Always dry here, but then the local farmers plan for that. I retired here from up around Taupo. It took a bit of adjusting to the dry, but the friendliness of the people here more than makes up.

meg1971, Jan 15, 7:58pm
I agree with samanya. They have heaps more liquid. tried making plum jam with frozen plums. Took ages! and then congealed far to thick. Will try again this year with fresh

cookiebarrel, Jan 16, 3:17am
Know what you mean about the friendliness of the people, they are awesome!

whitehead., Jan 16, 4:33am
i like free stone plums and i take the stones out and toss them in a freezer bag and just take out what i need i love fresh made plum jam and plum puddings or pies with cream . they are very handy .

whitehead., Jan 16, 4:35am
cut your tomayoes inhalf and deseed them before freezing will cut some of the juice .

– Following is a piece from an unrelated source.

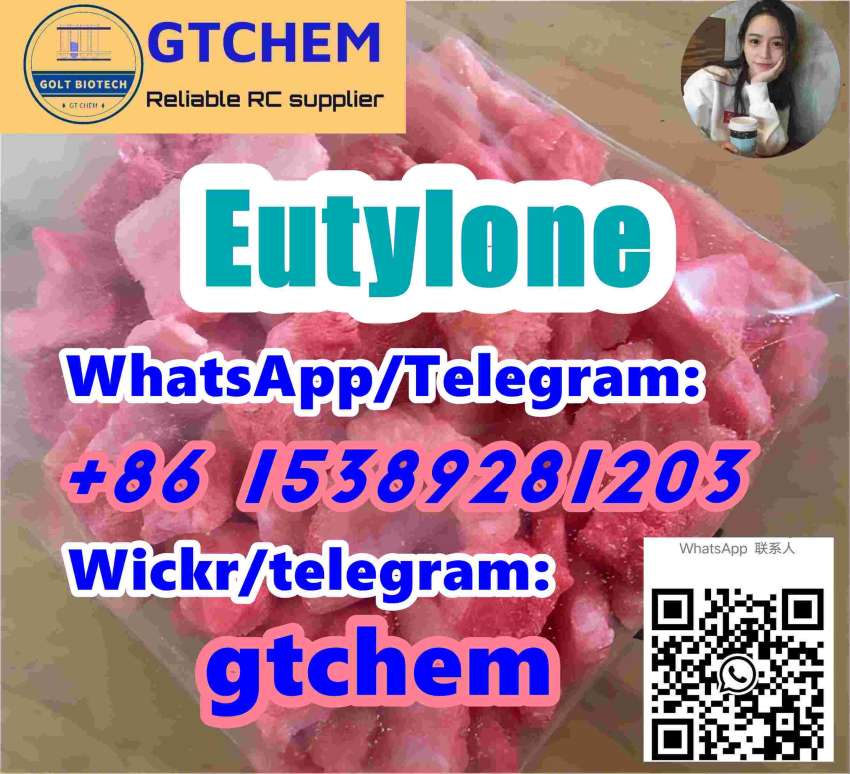 eutylone crystal for sale buy eutylone euty  supplier Telegram/Wickr me: gtchem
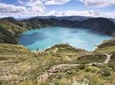2-Day Antisana and Quilotoa Volcanoes Private Trip from Quito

whitehead., Jan 16, 4:35am
tomatoes not tomayoes sorry

uli, Jan 17, 7:54am
I usually cut the plums in half, removing the stone then freeze them in a single layer. Then use them in winter for a fresh plum cake etc.

beaker59, Nov 3, 4:51pm
Planning to do final batch of Plum Jam tomorrow, not been a great year for plums for us. Shame as I plan to prune the tree right back this winter to restock my supply of wood for the smoker, Plum is the best wood for fish smoking. Hopefully my supply will last until Marmalade season :)

Great year for fish though so smoked heaps of Snapper kingfish and Kahawai :)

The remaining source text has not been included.